European Commissioner, Michel Barnier, gave a press conference today to discuss draft legislation on market benchmarks that will see banks fined as much as 10 per cent of their yearly sales for failure to safeguard against benchmark rigging.
The legislation will enable regulators to force banks into participating in benchmark setting panels, following a series of scandals that started with the London Interbank Offered Rate, or Libor.

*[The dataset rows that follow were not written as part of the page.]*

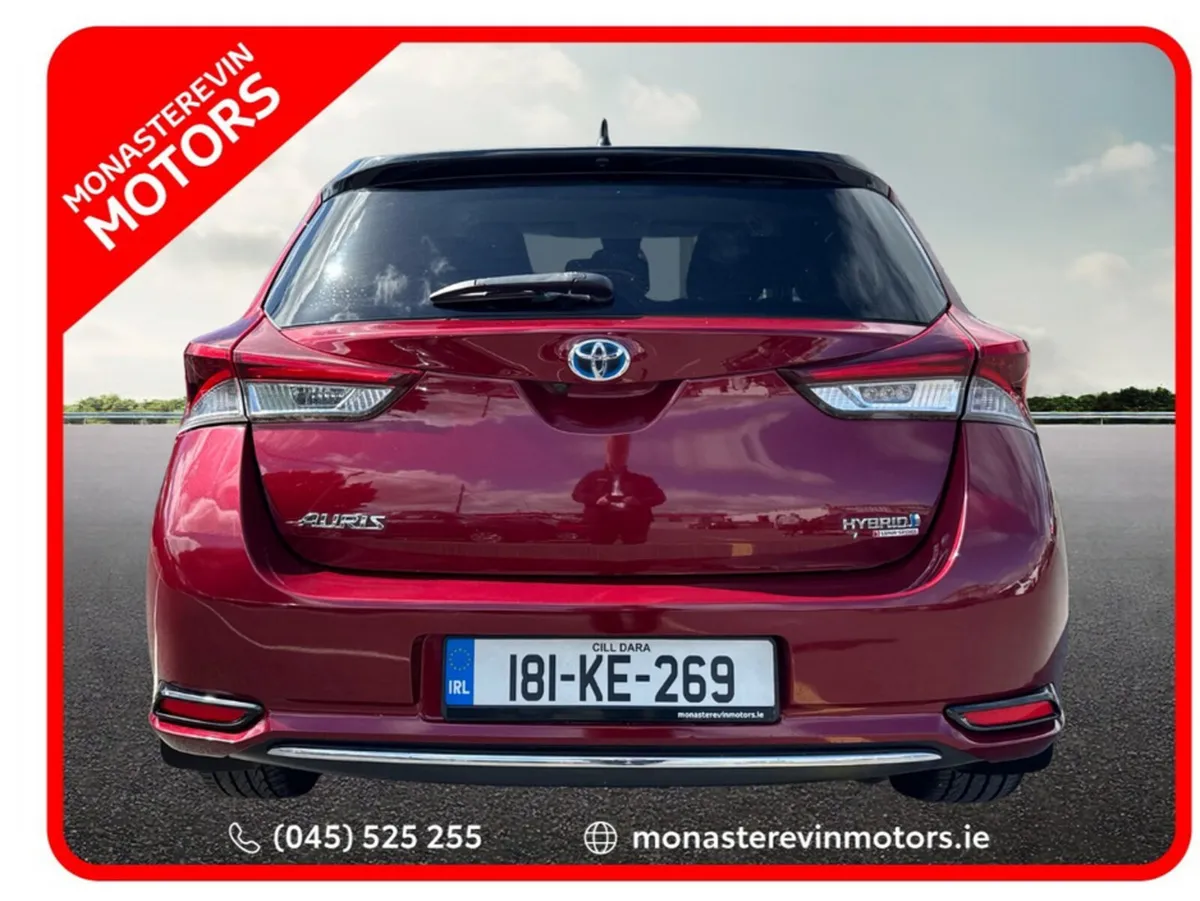 Toyota Auris HYBRID LUNA SPORT AUTO 4DR - Image 4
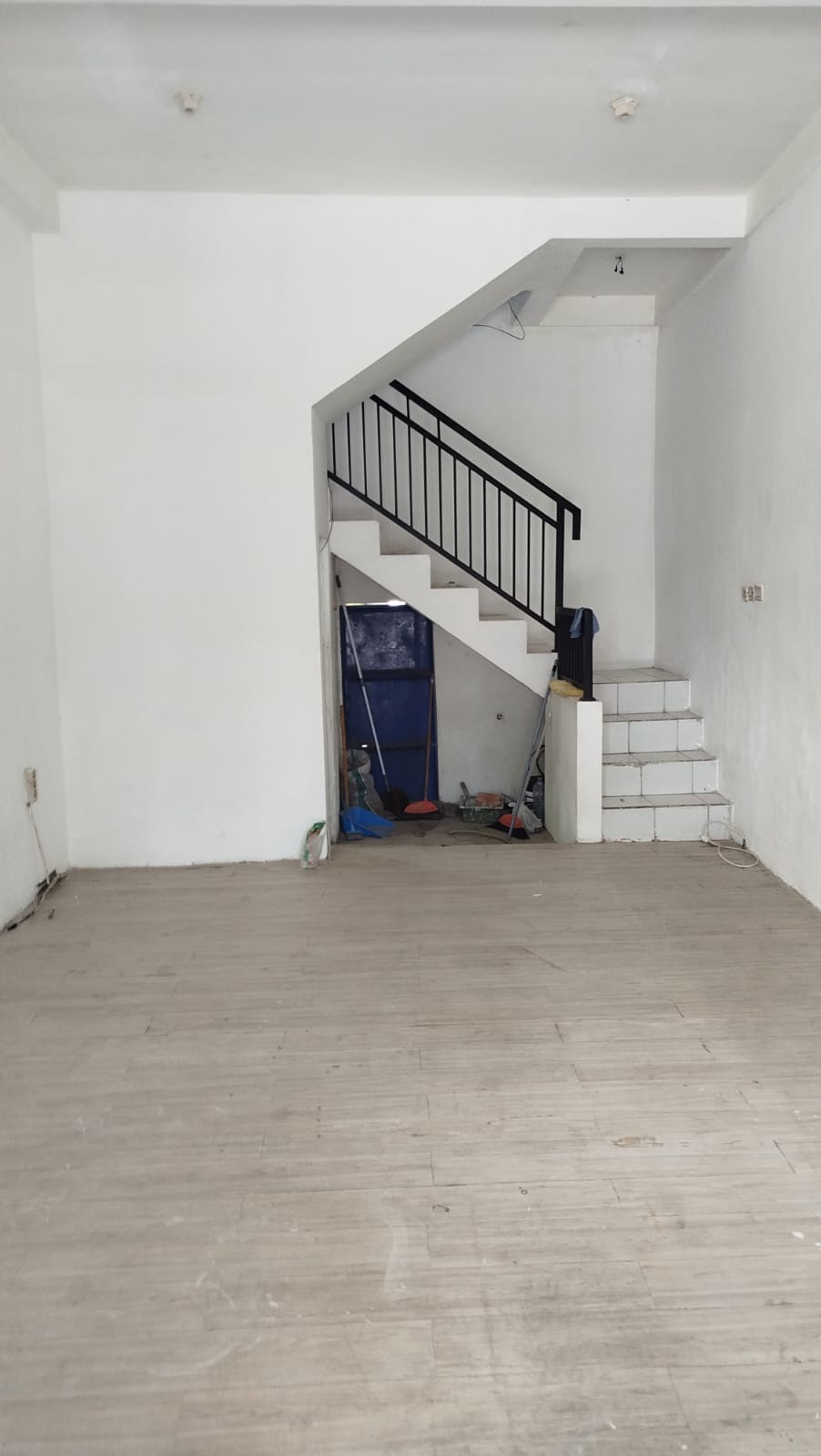 Disewakan Ruko Strategis di Jalan Protokol Mayjen Sungkono, Surabaya Barat - Image 1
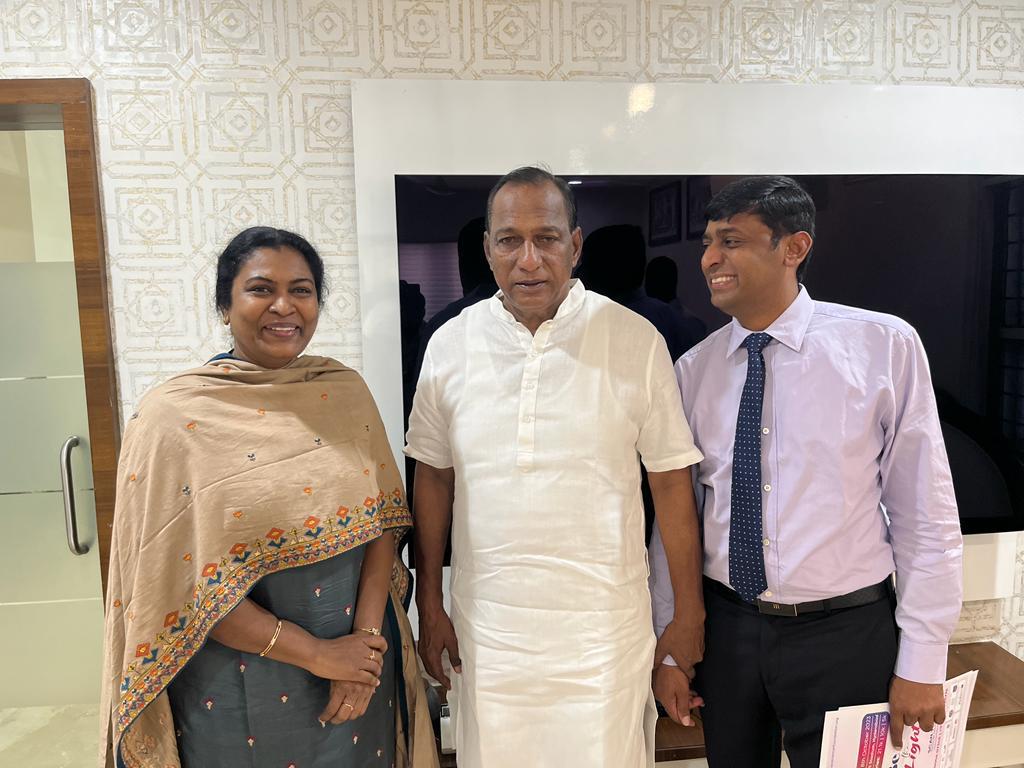 drchinnababu's tweet photo. Delighted to have @chmallareddyMLA Garu, Minister of Labour and Employment of Telangana, is standing with us for Grace Cancer Run 2023.

To register, please refer to this link: https://t.co/cDLlkv3MVH

#GraceCancerRun2023 #CancerAwareness #CancerSupport #drchinnababu #oncologist https://t.co/anhHWBMkAc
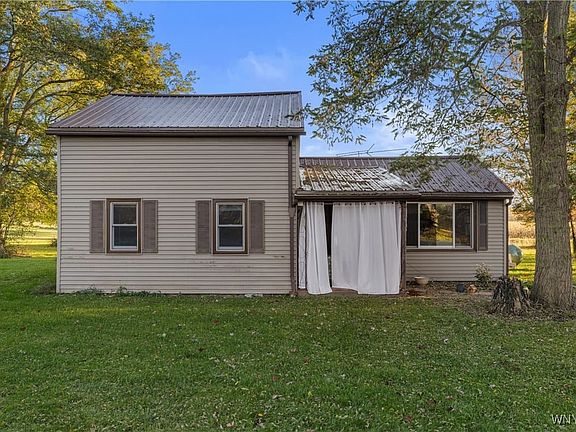 3rd image of 8074 Bunker Hill Rd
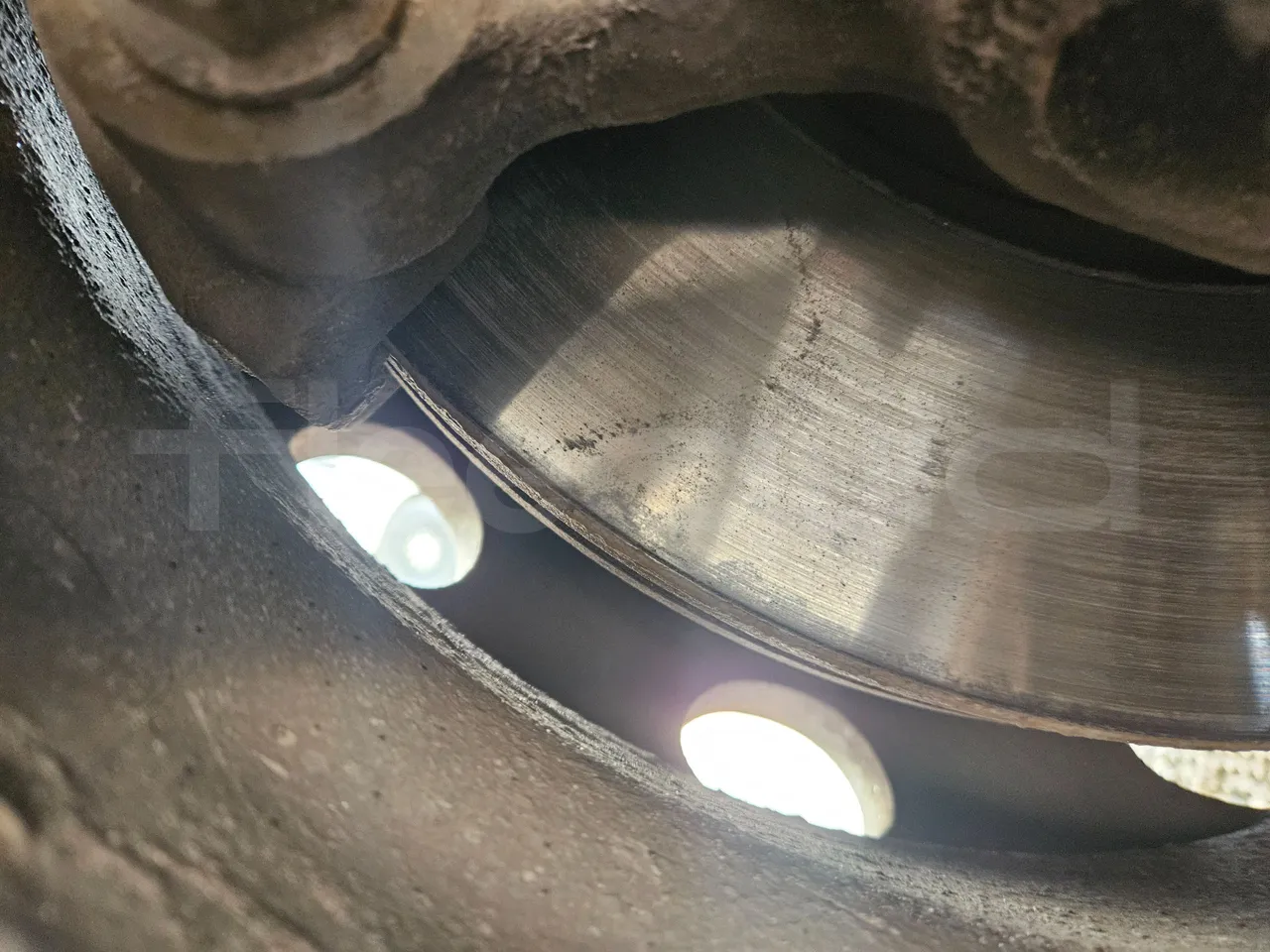 Irizar i6 12.37 - EUR6 - 320kW - 12.200m - front discs right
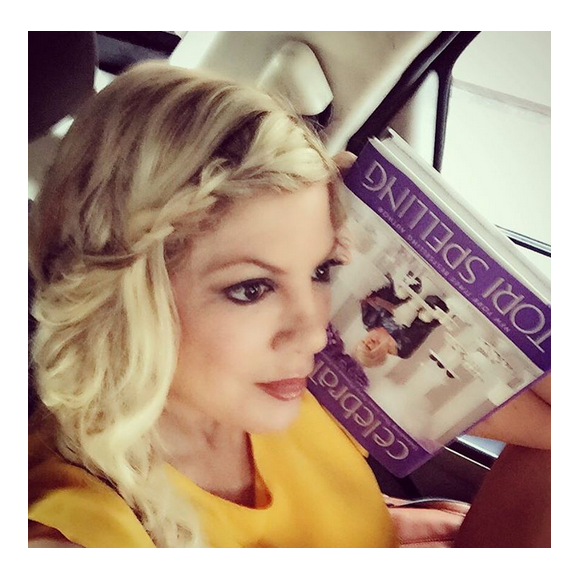 Tori Spelling en promotion pour son nouveau livre de cuisine. Photo publiée sur Instagram, le 11 mars 2016.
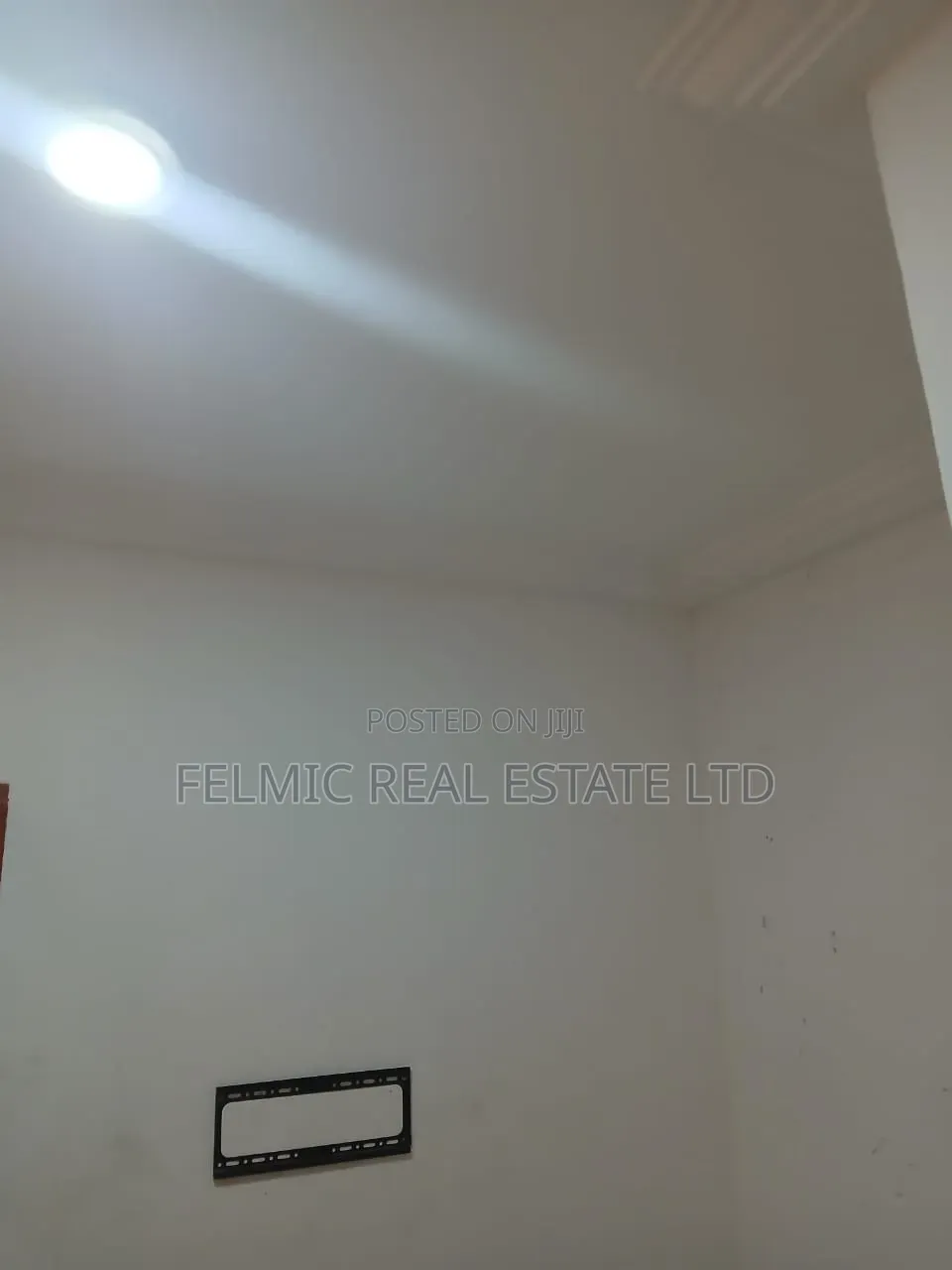 1bdrm Apartment in Felmic Real Estate, Hong Kong for rent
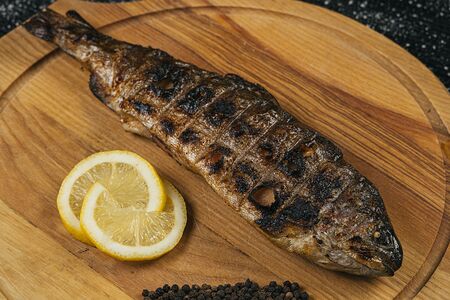 Форель на углях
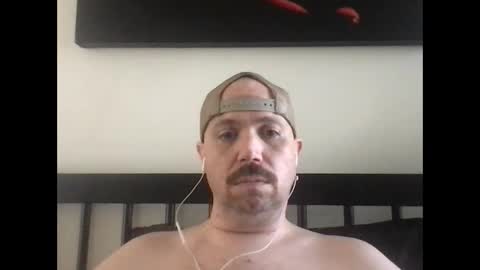 Snapshot of sfgiants1982 chatting on 09-22-25, 06:21 sfgiants1982 online show from 09-22-25, 06:21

Mark Compton, partner at law firm Mayer Brown, comments:
There was strong resistance from the UK on an earlier version of the proposal which called for direct supervision of critical benchmarks to be shifted to ESMA so the removal of this requirement could be seen as a win alongside the recent opinions in relation to the UK’s challenges to the short selling regime and FTT. The regulation will nevertheless see a step change in the regulation of all benchmarks, not just LIBOR and EURIBOR, where previously unregulated benchmark administrators and contributors will be subject to closer scrutiny.
Whilst the European Commission is undoubtedly aiming to be more aggressive in how it deals with the repercussions of LIBOR scandals there are still some problems that will need to be addressed before this comes into force; for example, requiring price reporting agencies to make their source sign a code of conduct or mandatory contribution and how that would work in principal. Since the FSA drew attention to the fact that false or misleading submissions to benchmarks would be market abuse back in 2002 some participants had consciously pulled out of or heavily restricted their involvement in benchmark setting as a sensible risk control and might be viewing mandatory contributions and the associated additional compliance costs wryly.